Not that quarterback Shane Matthews didn't make a serious bid to be named the starter over Wuerffel. Matthews has played well twice against starting defenses while Wuerffel has barely faced one. It's not Wuerffel's fault that he missed his chance last night, but with only one preseason game remaining, the Redskins soon must determine the starter.
Spurrier might have named the starter before Thursday's preseason finale against New England, but Wuerffel's illness could extend the uncertainty until the regular-season opener against Arizona on Sept.8.
Matthews completed eight of 15 passes for 97 yards with one touchdown and one interception in his half of action. The 23-yard touchdown to receiver Rod Gardner was a beauty; the interception into double coverage was ugly.

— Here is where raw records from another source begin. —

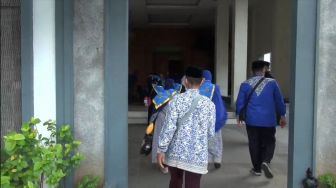 Pertama Sejak Pandemi, 433 Jemaah Umrah Diberangkatkan dari Asrama Haji Pondok Gede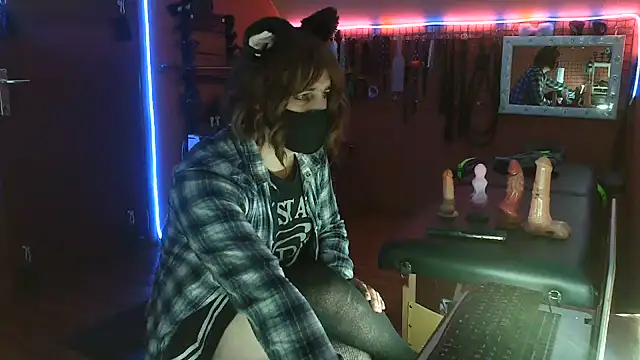 Ginny-the-bdsm-nympho online show from 05/28/26, 04:24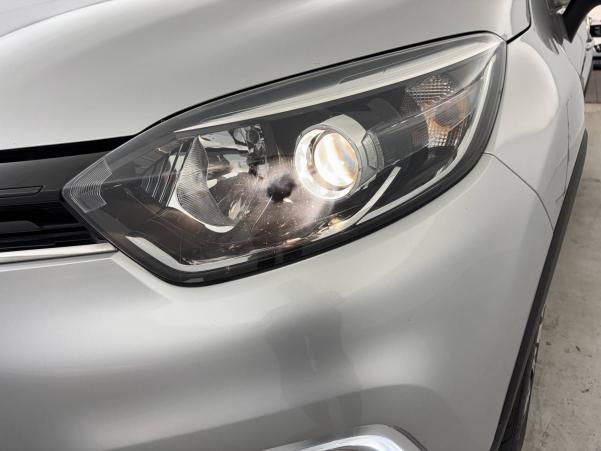 Vente en ligne Renault Captur Captur TCe 90 E6C au prix de 12 990 €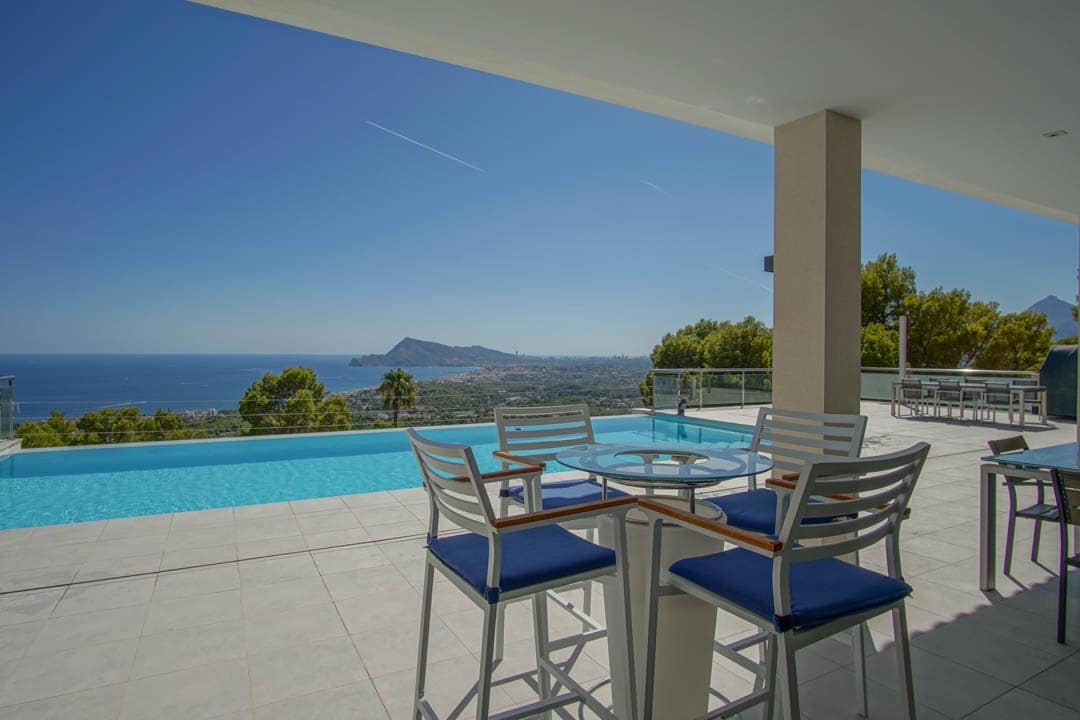 5 bedroom Villa for sale in Altea with pool - € 3,500,000 (Ref: 8528772)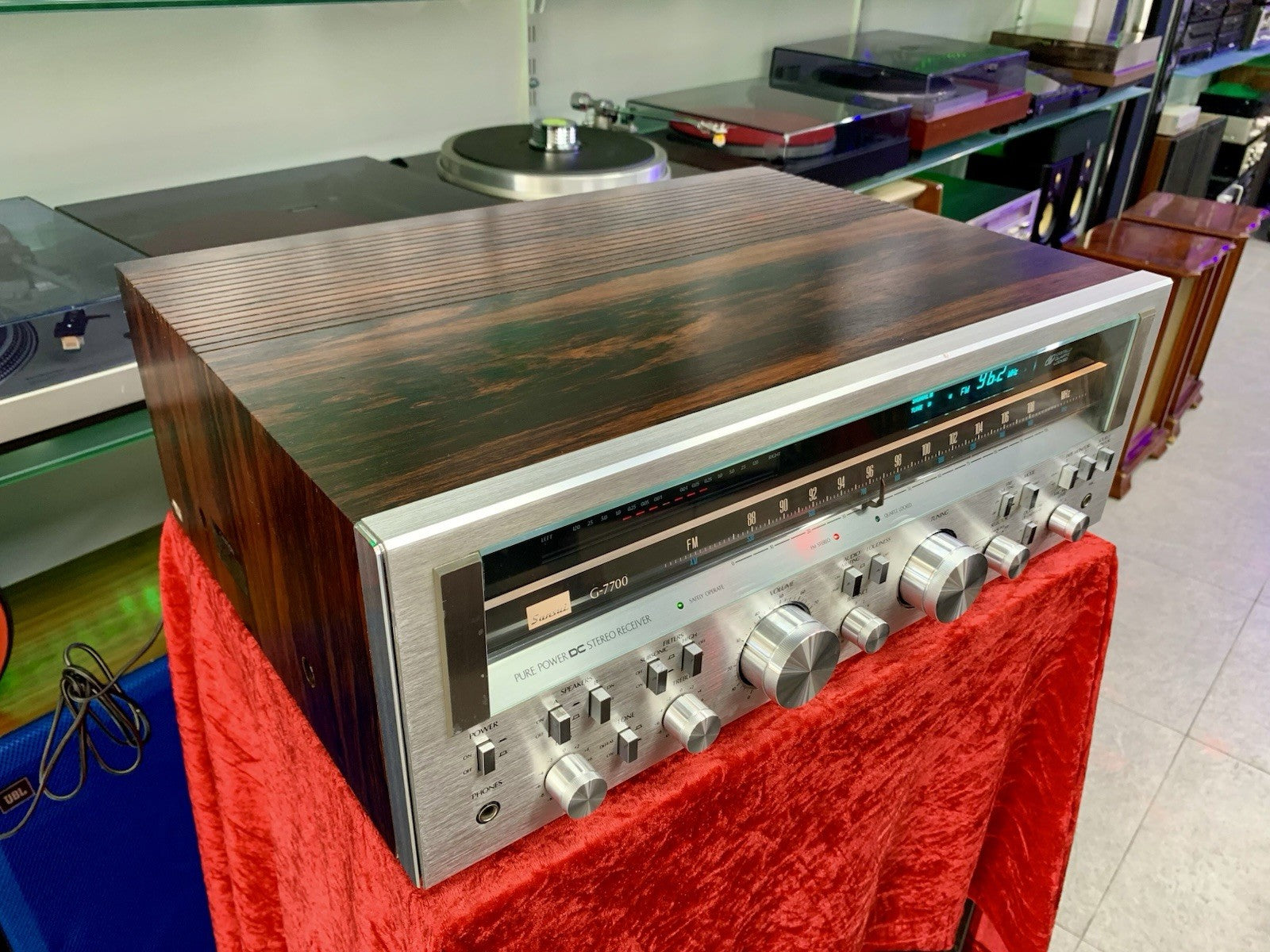 SANSUI G 7700 Top Stereo Receiver 2 X 120 Watts RMS Vintage 1979 WORK GOOD LOOK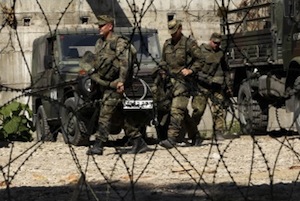 Nord du Kosovo : Kfor contre Serbes, la guerre des barricades continue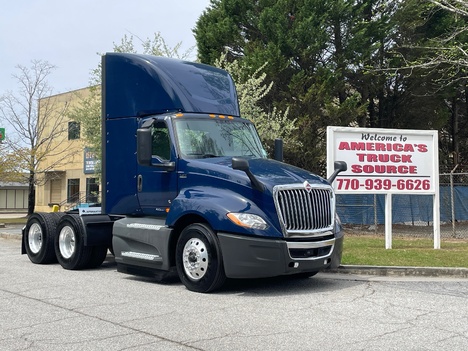 2021 INTERNATIONAL LT625 Tandem Axle Daycab #10570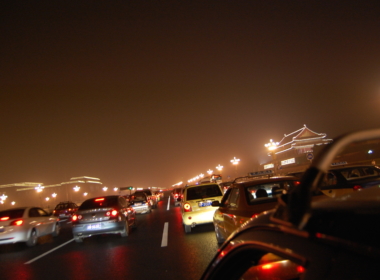 Himmel, Fahrzeug, Auto, Landfahrzeug, draußen, Nacht, Straßenbeleuchtung, Straße, Verkehr, Licht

Meanwhile, Davis' 19 yards on five carries was encouraging as the Redskins finally established the run for the first time. Davis' best runs came up the middle, where he has thrived for three years. Fullback Ron Cartwright's eight-yarder was a stirring interior run.
The Redskins claimed they didn't worry about the run in the first three games, but the nearly 2-1 pass-run ratio doesn't work in the regular season. Washington finally showed it hasn't abandoned Davis after all. With left tackle Chris Samuels soon returning from a sprained ankle and Stai giving Washington a veteran right guard who could send improving guard Ross Tucker to the left side, the Redskins' line suddenly looks good enough to spring Davis regularly.
After all, Washington can't beat Philadelphia and the New York Giants come cold weather with just a passing game. Davis set two team single-season rushing records over the past three years. He should surpass Larry Brown as the team's No.2 career rusher later this year and has a shot at leader John Riggins next season if he remains now that preseason fears of his exile seem premature.
Gardner has emerged as the No.1 receiver, a distinction long expected but not earned until the past two games. Gardner has shown a combination of good hands and speed in his second season that sometimes was missing as a rookie. After a slow start in training camp, Gardner has clearly become the leader.
The identity of the No.2 receiver remains uncertain, though. Derrius Thompson was blanked in his first career start and drew Spurrier's ire when penalized for an illegal shift on first-and-goal at the 1 that forced the Redskins to later settle for a field goal for a 10-0 lead. Players have a way of disappearing after such gaffes. Kevin Lockett's two catches for 37 yards renewed his early preseason bid for a prominent role.